*Supplied material*
-------------------------

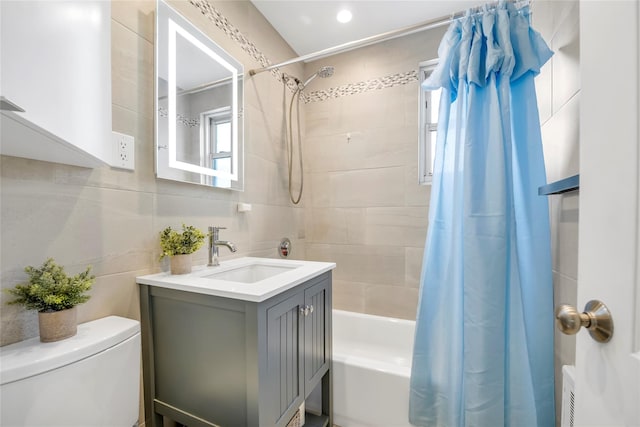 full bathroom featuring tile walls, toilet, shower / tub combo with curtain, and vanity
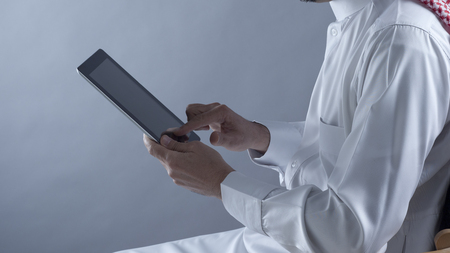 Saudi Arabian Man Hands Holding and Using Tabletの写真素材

-------------------------

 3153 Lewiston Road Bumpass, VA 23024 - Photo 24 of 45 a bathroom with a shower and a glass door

-------------------------

*Try it*
Each line from the one that contains "full bathroom featuring" down to the one that contains "Saudi Arabian Man" is to be returned exactly as it stands above, both ends included, with pictures removed.

*Answer space*
 full bathroom featuring tile walls, toilet, shower / tub combo with curtain, and vanity
 Saudi Arabian Man Hands Holding and Using Tabletの写真素材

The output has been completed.